Some of the fruits that are used include seedless grapes, mulberries, strawberries and other berries, bergamot, apricots, quinces, apples, pears, sour and sweet cherries, oranges, kumquats, lemons, grapefruit, tangerines, pomegranates, figs, prunes, etc. Even soft fruit like melon or watermelon can be thus prepared, although retaining a relatively firm texture is challenging. Other varieties include green, unripe walnuts, pistachios, hazelnuts, and other nuts, or even flower petals like rose. Many fruits or parts of fruits that are normally inedible, such as the various citrus peels and blossoms, or sliced citrus fruits with their peel intact, can be made into sweet, flavorful preserves, as can some vegetables such as baby eggplants or cherry tomatoes. A well-made spoon sweet retains the original shape, color, aroma and taste of the fruit. In Syria, eggplant, unripe or green walnut and pumpkin jams are offered to guests, especially during winter.

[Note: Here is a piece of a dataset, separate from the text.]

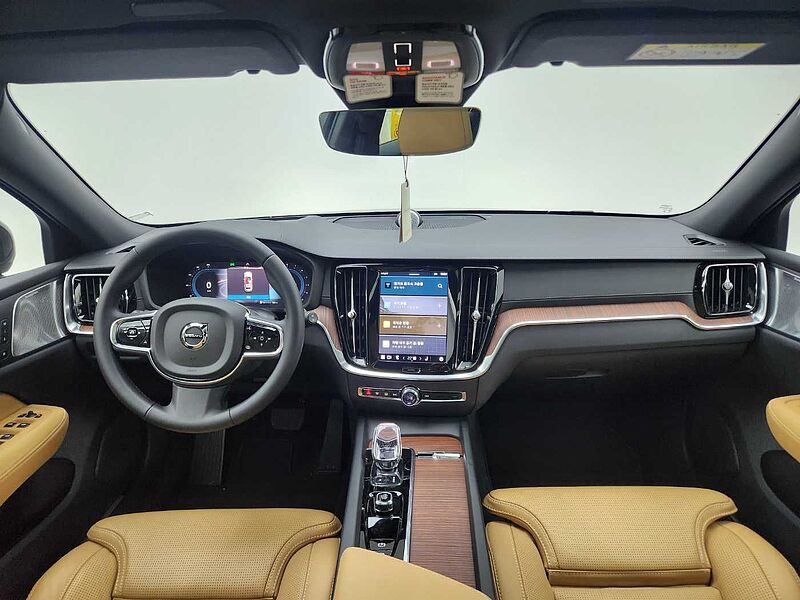 Volvo  B5 AWD Ultimate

Spoon sweets are usually offered to guests served by the teaspoon in a small porcelain or crystal glass dish or bowl, with coffee or tea and cold water. Most of the time they are homemade, but they can also be found in most supermarkets; these are more likely to be made with glucose syrup rather than sugar, for reasons of cost and ease of preparation.
They can be used as ice cream or yogurt toppings, or in the Western way as a spread on toast for breakfast. Spoon sweets are commonly eaten alone or with cheese.